Aí está a insistência de Markson de fazer do fim do mundo apenas uma espécie de ruído de fundo para a montagem de citações e anedotas de sua narradora. E Steiner continua:
O grito na rua ressoa ao longe em nossos ouvidos, se é que chegamos a ouvi-lo. Ele nos fala de uma realidade rascunhada, contingente, vulgar e transitória, impossível de comparar com aquela que dominou nossa consciência. 

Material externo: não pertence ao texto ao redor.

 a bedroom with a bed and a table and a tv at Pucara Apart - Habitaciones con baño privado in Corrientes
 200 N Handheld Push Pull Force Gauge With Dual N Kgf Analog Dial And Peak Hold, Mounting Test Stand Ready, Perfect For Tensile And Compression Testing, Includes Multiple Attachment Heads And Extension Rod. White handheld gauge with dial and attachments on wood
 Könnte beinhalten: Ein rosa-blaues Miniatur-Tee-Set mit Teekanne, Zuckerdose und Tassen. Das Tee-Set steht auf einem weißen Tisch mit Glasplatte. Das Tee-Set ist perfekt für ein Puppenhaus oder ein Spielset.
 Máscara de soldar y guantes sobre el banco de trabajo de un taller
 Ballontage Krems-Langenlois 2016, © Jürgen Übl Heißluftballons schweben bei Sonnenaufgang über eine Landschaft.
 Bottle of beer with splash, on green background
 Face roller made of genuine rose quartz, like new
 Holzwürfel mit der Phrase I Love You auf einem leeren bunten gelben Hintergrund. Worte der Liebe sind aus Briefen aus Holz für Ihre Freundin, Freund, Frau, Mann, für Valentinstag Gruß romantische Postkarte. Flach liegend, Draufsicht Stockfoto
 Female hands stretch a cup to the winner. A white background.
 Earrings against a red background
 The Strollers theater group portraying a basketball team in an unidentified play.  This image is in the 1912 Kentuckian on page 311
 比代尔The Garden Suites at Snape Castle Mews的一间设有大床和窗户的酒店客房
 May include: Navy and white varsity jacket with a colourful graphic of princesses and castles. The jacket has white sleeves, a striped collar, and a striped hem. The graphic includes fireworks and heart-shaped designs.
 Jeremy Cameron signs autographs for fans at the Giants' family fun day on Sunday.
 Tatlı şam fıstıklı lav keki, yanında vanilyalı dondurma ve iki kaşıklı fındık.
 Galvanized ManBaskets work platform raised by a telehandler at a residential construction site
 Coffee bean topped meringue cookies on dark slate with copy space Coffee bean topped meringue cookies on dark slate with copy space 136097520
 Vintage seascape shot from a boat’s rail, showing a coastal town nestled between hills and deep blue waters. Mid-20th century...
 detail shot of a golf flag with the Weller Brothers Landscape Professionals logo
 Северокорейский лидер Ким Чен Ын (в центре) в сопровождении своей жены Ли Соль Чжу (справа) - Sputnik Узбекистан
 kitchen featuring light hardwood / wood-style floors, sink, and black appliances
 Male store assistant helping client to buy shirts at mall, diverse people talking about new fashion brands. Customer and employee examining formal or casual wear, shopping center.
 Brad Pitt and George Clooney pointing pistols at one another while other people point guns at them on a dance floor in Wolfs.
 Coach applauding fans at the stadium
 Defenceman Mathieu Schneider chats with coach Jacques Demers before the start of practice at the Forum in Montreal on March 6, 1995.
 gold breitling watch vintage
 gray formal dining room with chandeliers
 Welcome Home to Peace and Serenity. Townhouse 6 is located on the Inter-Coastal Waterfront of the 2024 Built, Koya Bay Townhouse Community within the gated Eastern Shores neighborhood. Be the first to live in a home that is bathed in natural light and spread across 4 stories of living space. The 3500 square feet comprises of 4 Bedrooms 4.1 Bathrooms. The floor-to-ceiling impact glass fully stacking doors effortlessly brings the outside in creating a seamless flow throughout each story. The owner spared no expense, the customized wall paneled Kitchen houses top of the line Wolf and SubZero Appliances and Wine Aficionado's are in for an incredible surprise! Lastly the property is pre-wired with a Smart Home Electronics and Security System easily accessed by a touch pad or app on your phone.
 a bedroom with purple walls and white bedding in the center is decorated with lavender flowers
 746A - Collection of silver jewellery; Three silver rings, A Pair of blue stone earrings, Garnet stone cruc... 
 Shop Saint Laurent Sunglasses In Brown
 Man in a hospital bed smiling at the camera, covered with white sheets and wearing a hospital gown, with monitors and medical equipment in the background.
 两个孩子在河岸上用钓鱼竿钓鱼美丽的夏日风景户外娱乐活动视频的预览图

Também para Markson toda realidade é contingente e vulgar, dotada de validade na medida em que pode ser rastreada em alguma fase ou aspecto de uma obra de arte (daí a loucura de Nietzsche, a diarreia de Wittgenstein, o fedor de Michelangelo, a menstruação de Helena de Tróia, a falência de Rembrandt e a excomunhão de Spinoza, todos elementos narrativos em Wittgenstein's Mistress, sendo usados como combustível para a criação). Escreve Steiner:
O erudito, o verdadeiro leitor, o fazedor de livros vive saturado pela terrível intensidade da ficção. Sua formação o predispõe a identificar-se de maneira mais intensa com as realidades do texto, com a ficção.
Steiner por fim alcança o tema do artificialismo da narração e do olhar do narrador, certa desumanização voluntária, rastreada em Markson, Bolaño e Perec através de Malcolm Lowry (mas que podemos encontrar de forma intensa também em Cormac McCarthy ou Don DeLillo, por exemplo, por outras vias):
Talvez seja nesse sentido paradoxal que o culto e a prática das humanidades, o convívio exagerado com o livro e o estudo constituam fatores de desumanização. Eles podem tornar ainda mais difícil nossa resposta ativa a uma realidade política e social incontornável, bem como nosso engajamento integral no que se refere às realidades circunstanciais (George Steiner, O silêncio dos livros, trad. André Telles, Revista Serrote, nº 17, p. 106).